このような誤った問題設定は、的外れな対策につながり、時間、労力、コストを浪費するだけでなく、真の問題を放置することで、より大きな損失を招くことにもなりかねません。

なぜ「真の問題」を見誤るのか

では、なぜ私たちは本質的な問題を見誤ってしまうのでしょうか。いくつかの要因が考えられます。

第一に、現状把握の不足が挙げられます。机上のデータや報告書だけで判断し、現場・現物・現実を確認する「三現主義」が疎かになっている場合、事象の表面的な部分しか見えません。現場の空気感、機械の微細な異音、作業者の些細な変化といった情報の中に、真の原因を探るヒントが隠されていることも多いのです。

第二に、思い込みや過去の経験則といったバイアスです。「以前もこれで解決したから」「きっとこうだろう」という先入観が、客観的な事実の観察を妨げ、視野を狭めてしまいます。特に、過去の成功体験が大きいほど、この傾向は強くなるため注意が必要です。
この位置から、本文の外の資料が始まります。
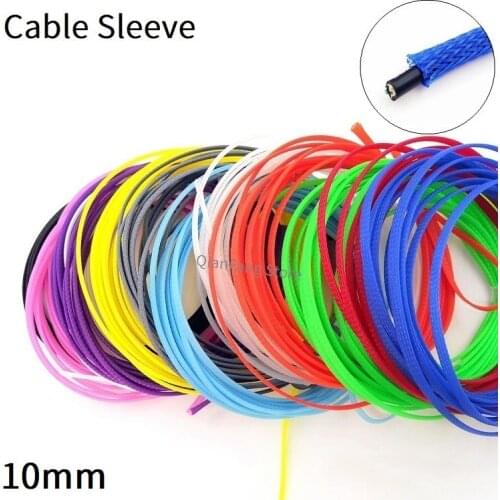 1M 10mm Braided Cable Sleeve PET Expandable Insulated Nylon Colorful High Density Tight Sheath Protector Line Harness Wire Wrap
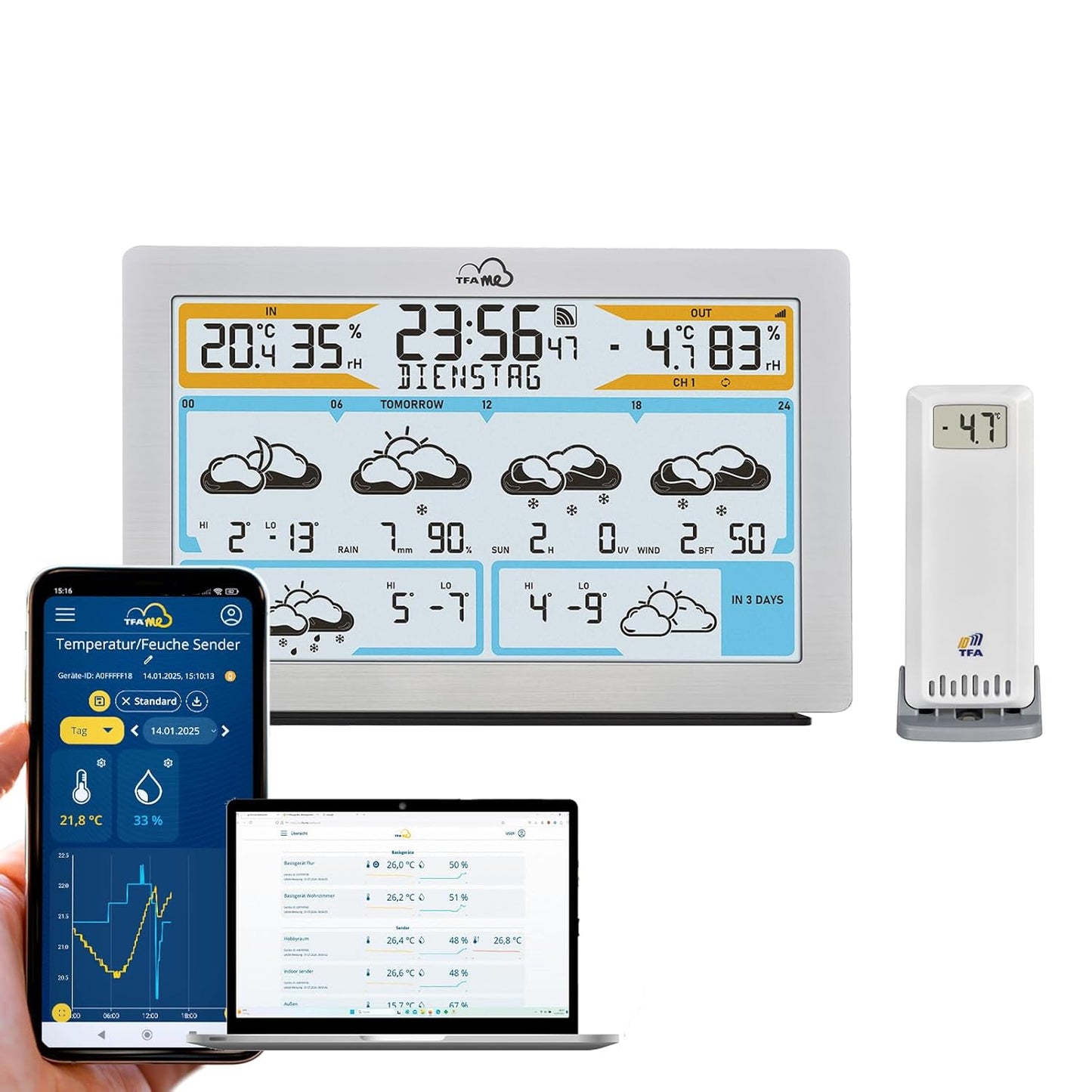 163294 - TFA DOSTMANN Stacioni Meteo WiFi ID-02, 35.8100, Sensor i Jashtëm pa Tel, Alarm Moti, Parashikim i Motit 3-6 Ditë, Portal Online, Argjend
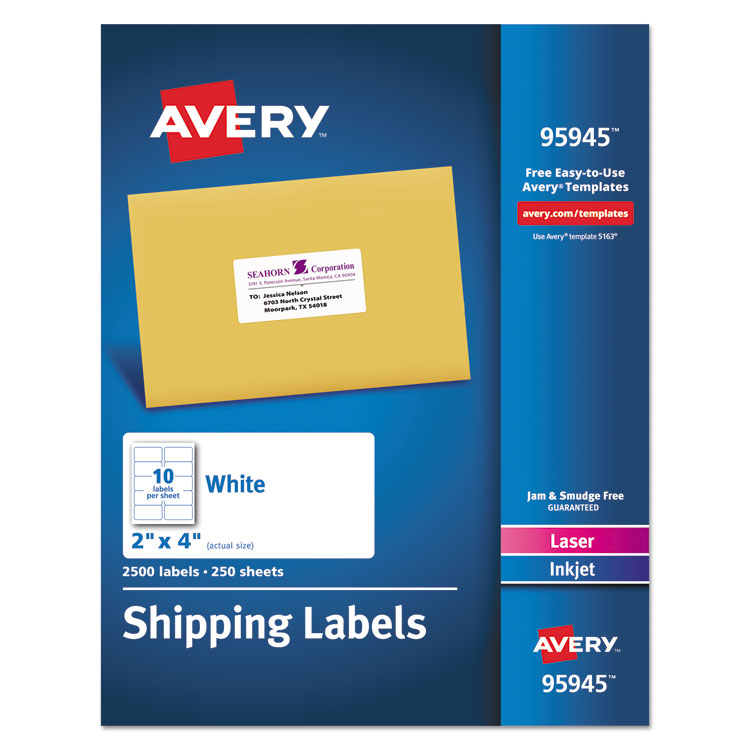 White Shipping Labels-Bulk Packs, Inkjet/laser Printers, 2 X 4, White, 10/sheet, 250 Sheets/box 1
第三に、部門間のコミュニケーション不足です。設計、製造、品質保証、購買といった各部門が持つ情報が分断されていると、全体像を正確に把握することができません。それぞれの立場からの断片的な情報だけで結論を急ぐと、問題の本質を見誤るリスクが高まります。

正しい問題設定こそが、解決の第一歩

品質管理の基本であるQCストーリーにおいても、最初のステップは「テーマの選定」と「現状把握・目標の設定」です。また、トヨタ生産方式では「なぜなぜ分析」を通じて、表面的な事象の奥にある根本原因(真因)を徹底的に掘り下げます。これらはすべて、正しい問題設定の重要性を説いています。

問題とは、本来「あるべき姿(目標)」と「現状」との間にあるギャップのことです。このギャップを、客観的な事実とデータに基づいて正確に定義すること。それこそが、あらゆる改善活動や問題解決の出発点となります。「何を解決するのか」が明確でなければ、その後の「どのように解決するか」という手法の議論は意味を成しません。私たちは、解決策を考える前に、まず目の前の事象が本当に解決すべき「問題」なのかを慎重に見極める必要があります。

日本の製造業への示唆

今回の考察から、日本の製造業に携わる私たちが改めて心に留めておくべき点を以下に整理します。

1. 事実に基づく問題定義の徹底:感覚や経験則に頼るだけでなく、データと現場・現物による事実確認を徹底し、「あるべき姿」と「現状」のギャップとして問題を正確に定義する習慣を組織全体で身につけることが重要です。問題設定の段階で、関係者間の認識を確実に合わせる必要があります。

2.「なぜ」を繰り返す文化の醸成:表面的な現象に惑わされず、その背後にあるメカニズムや根本原因を論理的に追究する姿勢が不可欠です。「なぜなぜ分析」を形骸化させず、本質的な議論を奨励する風土を作り上げることが、的外れな対策を防ぎます。

3. オープンなコミュニケーションの促進:部門の壁を越えて情報を共有し、多角的な視点から問題を捉えることが、思い込みや視野狭窄を防ぎます。特に、現場の技術者や作業者が感じている違和感や懸念を、率直に発言できる心理的安全性の高い環境が求められます。

4. 経営層の役割:経営層や工場長は、短期的な成果を急ぐあまり、現場が安易な原因特定に走ることを戒めなければなりません。むしろ、じっくりと腰を据えて真因を究明するプロセスを評価し、支援する姿勢を示すことが、組織全体の問題解決能力を高める上で極めて重要です。